What is needed =
If a line in the records below holds the string "sneakers", count it, and state only the final count.

Data items =
===============
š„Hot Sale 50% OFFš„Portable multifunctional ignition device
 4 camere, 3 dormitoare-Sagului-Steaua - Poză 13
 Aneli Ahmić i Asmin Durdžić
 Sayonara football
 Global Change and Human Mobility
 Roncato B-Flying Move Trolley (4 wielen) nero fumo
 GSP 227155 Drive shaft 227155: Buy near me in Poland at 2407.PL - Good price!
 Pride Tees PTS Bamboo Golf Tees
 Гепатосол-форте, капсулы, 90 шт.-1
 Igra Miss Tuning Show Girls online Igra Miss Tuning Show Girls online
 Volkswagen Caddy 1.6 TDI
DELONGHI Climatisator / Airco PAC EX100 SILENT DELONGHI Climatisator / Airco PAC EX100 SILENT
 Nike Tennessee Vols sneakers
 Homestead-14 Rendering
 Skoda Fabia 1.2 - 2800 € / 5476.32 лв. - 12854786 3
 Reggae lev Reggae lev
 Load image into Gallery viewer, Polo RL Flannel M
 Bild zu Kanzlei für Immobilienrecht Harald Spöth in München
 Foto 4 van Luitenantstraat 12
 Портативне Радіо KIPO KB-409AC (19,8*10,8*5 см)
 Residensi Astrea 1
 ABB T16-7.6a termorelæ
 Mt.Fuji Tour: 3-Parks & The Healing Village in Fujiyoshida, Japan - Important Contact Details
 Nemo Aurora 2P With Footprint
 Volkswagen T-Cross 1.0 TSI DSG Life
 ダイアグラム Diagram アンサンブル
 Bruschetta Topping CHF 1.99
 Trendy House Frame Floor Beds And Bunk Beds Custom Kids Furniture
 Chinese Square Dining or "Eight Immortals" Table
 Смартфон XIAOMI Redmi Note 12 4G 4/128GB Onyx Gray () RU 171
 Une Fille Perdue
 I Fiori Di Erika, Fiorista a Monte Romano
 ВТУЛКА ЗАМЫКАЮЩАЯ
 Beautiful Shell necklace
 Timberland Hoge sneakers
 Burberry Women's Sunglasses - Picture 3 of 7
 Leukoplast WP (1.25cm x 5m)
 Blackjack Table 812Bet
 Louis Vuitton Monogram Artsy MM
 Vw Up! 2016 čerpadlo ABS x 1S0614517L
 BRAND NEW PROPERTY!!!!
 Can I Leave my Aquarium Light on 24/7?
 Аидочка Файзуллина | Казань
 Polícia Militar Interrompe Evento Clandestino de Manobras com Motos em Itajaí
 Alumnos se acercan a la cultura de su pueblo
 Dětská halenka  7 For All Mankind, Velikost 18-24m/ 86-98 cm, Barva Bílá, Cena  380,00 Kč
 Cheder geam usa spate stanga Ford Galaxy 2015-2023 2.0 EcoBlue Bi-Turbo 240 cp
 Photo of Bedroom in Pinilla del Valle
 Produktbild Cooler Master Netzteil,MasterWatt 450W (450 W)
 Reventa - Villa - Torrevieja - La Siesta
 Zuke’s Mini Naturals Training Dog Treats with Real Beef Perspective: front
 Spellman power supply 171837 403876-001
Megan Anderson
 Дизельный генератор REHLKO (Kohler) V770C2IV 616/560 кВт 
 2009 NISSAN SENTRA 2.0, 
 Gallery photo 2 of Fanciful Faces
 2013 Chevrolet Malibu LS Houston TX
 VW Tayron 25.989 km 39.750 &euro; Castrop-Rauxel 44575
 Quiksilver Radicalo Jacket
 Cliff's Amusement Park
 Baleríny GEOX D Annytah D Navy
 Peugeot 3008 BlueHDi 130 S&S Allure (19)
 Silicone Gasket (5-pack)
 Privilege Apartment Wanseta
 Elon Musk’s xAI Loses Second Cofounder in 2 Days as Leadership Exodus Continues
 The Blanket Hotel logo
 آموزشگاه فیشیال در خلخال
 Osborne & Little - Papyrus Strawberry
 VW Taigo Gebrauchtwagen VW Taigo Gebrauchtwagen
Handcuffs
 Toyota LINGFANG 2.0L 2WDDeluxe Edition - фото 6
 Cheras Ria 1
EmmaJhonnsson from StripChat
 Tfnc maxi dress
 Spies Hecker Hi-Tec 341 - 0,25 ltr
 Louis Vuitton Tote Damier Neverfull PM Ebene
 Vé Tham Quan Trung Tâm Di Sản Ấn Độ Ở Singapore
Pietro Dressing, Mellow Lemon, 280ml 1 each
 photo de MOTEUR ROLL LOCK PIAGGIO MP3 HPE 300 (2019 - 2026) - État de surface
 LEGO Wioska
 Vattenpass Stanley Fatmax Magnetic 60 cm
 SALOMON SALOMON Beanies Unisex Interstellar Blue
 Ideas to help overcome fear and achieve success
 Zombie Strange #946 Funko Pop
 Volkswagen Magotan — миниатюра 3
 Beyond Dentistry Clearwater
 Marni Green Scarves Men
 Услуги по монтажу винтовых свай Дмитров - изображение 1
===============
Output of the exercise =
2